German artist Anne Imhof recently staged a series of performances entitled School of the Seven Bells (SOTSB) at Portikus in Frankfurt (4th of at least three, 2013), the New Jerseyy exhibition space in Basel (5th of at least three, 2013), and Francesca Pia gallery in Zurich (6th of at least three, 2013).
SOTSB is primarily based on a range of hand gestures by which an object is moved from one hand to the other. In his 1959 movie The Pickpocket, Robert Bresson portrays a group of pickpockets who let their loot circulate among a group of accomplices until its location is no longer traceable and they can leave crime scene. Their transactions range between the inscrutable, the obvious and the faked.

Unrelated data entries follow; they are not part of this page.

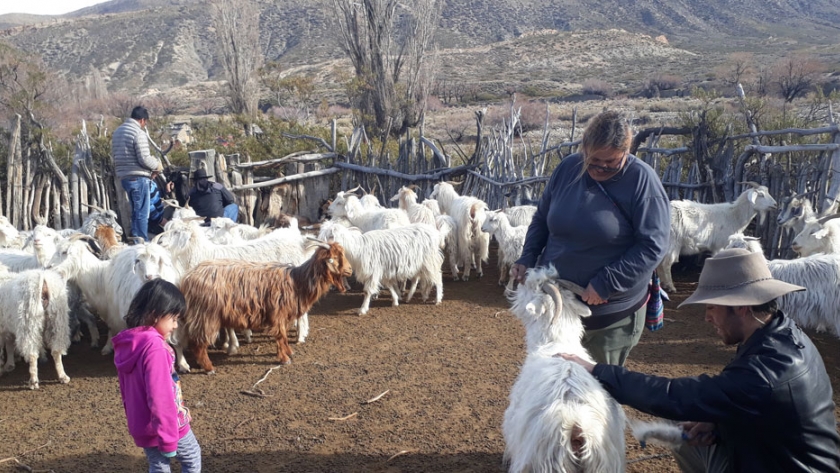 Una fibra valiosa que no se pierde en el campo
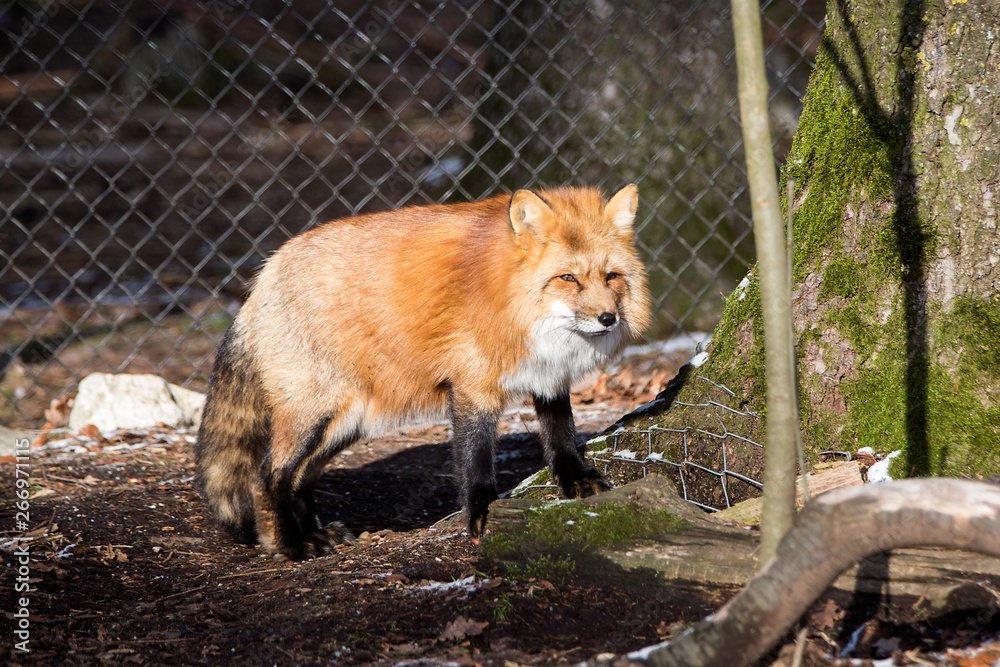Obraz premium Orange fox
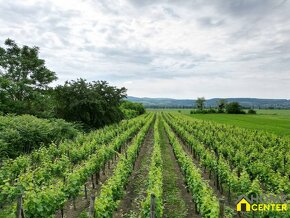 NA PREDAJ RODINNÉ VINÁRSTVO S KOMPLETNÝM ZARIADENÍM A VINICO - 15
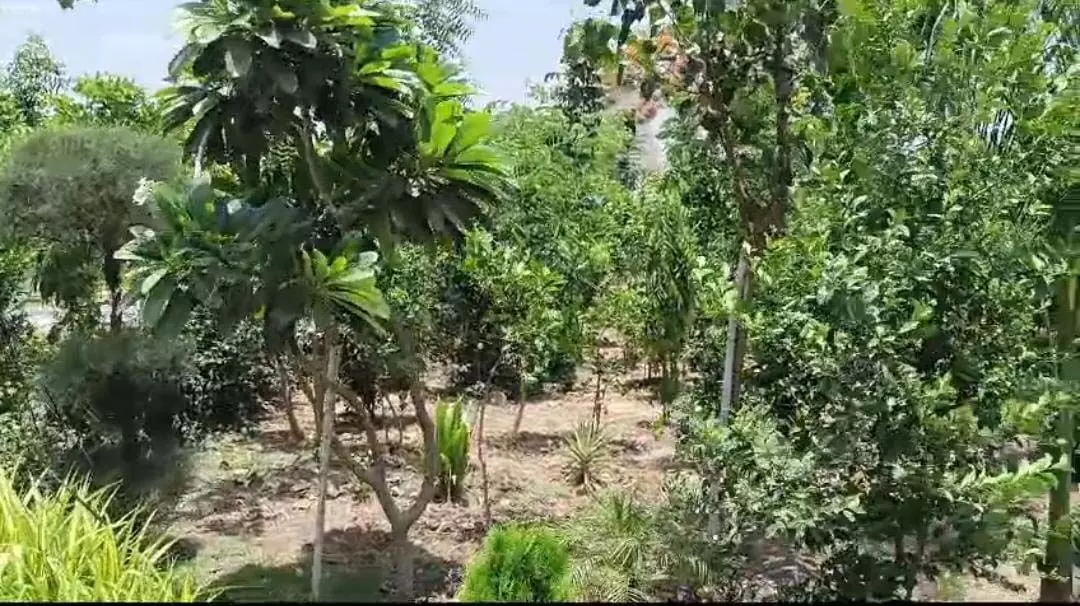Indore News: इंदौर में  3 घंटे में लगेंगे 51 लाख पौधे,बनेगा वर्ल्ड रिकॉर्ड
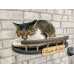 Rounded Front Wooden Cat Wall Shelf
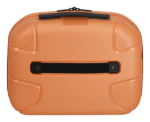 Obrázek z IMPACKT IP1 Beauty case Garden apricot 22 L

Imhof adopts and internalizes the motions of these transactions with a group of performers who she has collaborated with throughout various performances over time. These performers constantly expand the spectrum of motions throughout the rehearsals by teaching each other motions that originate from their personal habits. In their entirety these motions could be summarized as follows: interactions that structure public space but that require privacy and intimacy; cruising; secret salutations; “waiting for the man”; pickpocketing; flirting; and transactions based more on crossing lines of sight than on official communication.
The core group of actors is expanded for each performance by local acquaintances, who are instructed in the choreography only a few hours in advance, and who therefore only receive incomplete information, which limits their ability to act. The internal politics of organized gangs function similarly, with inner and outer circles as a means of self-protection.
The architecture of SOTSB is organized in a similar way: the group of insiders is initially located in the center, with the less initiated around them and the audience at the margins of the mostly empty exhibition spaces. The performance begins with the exchange of small metal rods among the performers via their internalized motions.
The sequence of these motions isn’t based on a fixed logic; they serve rather to maintain a constant fluidity. Inactive performers kneel, waiting, along the gallery walls beside the audience, trying to re-enter the action at a moment of their choosing. From time to time the performers walk along the walls, holding the metal rods against them and gouging lines on the surfaces as documentation of their movements — just as the exchanges of the metal rods cut through the space with invisible lines. The result of these various intertwined motions is a meshwork of vectors constantly changing its rhythm, pace and direction — its systematics becoming increasingly indecipherable for the viewer as for the participating performers. The performance is thus based on a system that unifies essentially incommensurable singular units on different levels of access. It therefore performs collapse as its only function.
Here improvisation is understood as rupture, or rather as a series of interruptions — in their continuity the kind of interruptions that are aimed against all networks, against everything that flows, against everything that strives without questioning.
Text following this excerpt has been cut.